Grande come l’Abruzzo, il Qatar non è solo ritenuto il maggior responsabile della destabilizzazione del Medio Oriente – assieme all’Iran ormai alle strette – ma per molti anche l’imputato per la penetrazione dell’islamismo radicale in tutto l’Occidente.
L’emiro Tamim bin Hamad Al Thani è considerato il maggior finanziatore della Fratellanza Musulmana, da un secolo la massima organizzazione di proselitismo radicalizzato del pianeta, i cui bracci armati vanno da Hamas ai Talebani, al Fronte Siriano al-Nusra di al-Qaeda e, quindi, tutti i gruppi terroristici islamisti.
Penetrazione economica e culturale
Non solo. Il quantitativo colossale di miliardi del Qatar finanzia – in Europa e negli Usa – università, centri culturali, media, industrie, aziende, investimenti immobiliari, corporation, banche, fondi borsistici e chi più ne ha più ne metta. Da Al-Jazeera agli atenei nostrani e d’oltreoceano, il Qatar è accusato d’aver intessuto una gigantesca rete di fedeli e simpatizzanti per le cause islamiste: sharia mondiale e arabi di Palestina primi fra tutti.
Con un unico scopo: ergersi a deus ex machina della politica mediorientale e internazionale; essere mediatore e risolutore proprio dei problemi e dei conflitti da esso stesso creati.
Intesa con la Turchia
Ora questo staterello ricchissimo e potentissimo si è alleato con la Turchia. Nuovi accordi commerciali e politici firmati il 22 ottobre 2025 col frustrato presidente del vorrei-ma-non-posso, il reazionario Erdogan vagheggiante un neo impero ottomano, creano ulteriori pericoli nello scacchiere mediorientale.
I principali settori coinvolti nei trattati bilaterali riguardano difesa, energia, telecomunicazioni, finanza. Inoltre la Turchia schiererà permanentemente una flotta di aerei della Qatar Emiri Air Force QEAF (12 caccia Rafale DQ/EQ, 9 caccia Mirage 2000-5DDA/EDA, 4 aerei da trasporto C-17, 4 aerei da trasporto C-130J-30, 7 elicotteri AW139) e 250 militari qatarioti con l’obiettivo strategico di “rafforzare le capacità militari di entrambi i Paesi”.
Detestati dagli altri Stati arabi che li incolpano di continui progetti sediziosi, dove invece si cerca pace e tranquillità per commerciare – vedi Accordi di Abramo intrecciati da Gerusalemme fino a Nuova Delhi passando per Riyad – Turchia e Qatar stanno tentando di primeggiare creando sempre più guai al mondo.
La crisi del 2017
Nonostante gli stretti rapporti militari e finanziari che legano Washington a Doha, da più parti si scalpita per le ambiguità e le posizioni sobillatrici dell’emiro. Pensare che qualche anno fa si era stati ad un passo dall’eliminare questo ingombrante fardello.

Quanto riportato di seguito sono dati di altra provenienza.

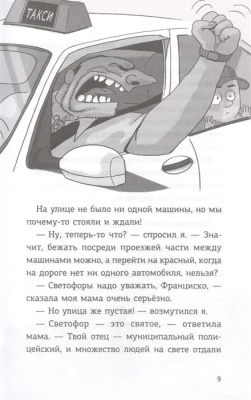 Детективы-футболисты. Тайна 7 голов- купить в магазине Кассандра, фото, 9785171350079,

Nel 2017, infatti, Arabia Saudita, Emirati Arabi Uniti, Yemen, Egitto, Maldive e Bahrein ruppero le relazioni diplomatiche col Qatar accusandolo proprio di appoggiare il terrorismo islamista. L’amministrazione Trump si avvicinò sempre di più al principe ereditario saudita Mohammed bin Salman, mentre altri consiglieri di Trump premettero per misure più severe contro il Qatar a causa dei suoi legami con l’Iran, nonostante Doha ospitasse migliaia di militari statunitensi nella base aerea di al-Udeid.
Fu allora che l’Arabia Saudita bloccò l’unico confine terrestre del Qatar col resto del mondo. L’emirato era ad un passo dall’essere invaso dalle truppe saudite senza alcuna possibilità di resistenza: sarebbe bastata una parola di Trump e il gioco era fatto: fine del Paese presunto sponsor del terrorismo e annessione del territorio all’Arabia Saudita.
Tuttavia l’allora segretario di Stato Rex Tillerson convinse il presidente americano a evitare l’invasione, anche per non inasprire i rapporti con la Turchia la quale vi aveva subito inviato rifornimenti alimentari e migliaia di soldati, così come l’Iran. La crisi, alla fine, rientrò e terminò a tarallucci e ipocrisia come sempre accade fra arabi.
Ma il problema oggi rimane. E al momento peggiora, con quest’asse turco-qatariota. Forse prima o poi qualcuno vorrà ripensare a quell’occasione mancata?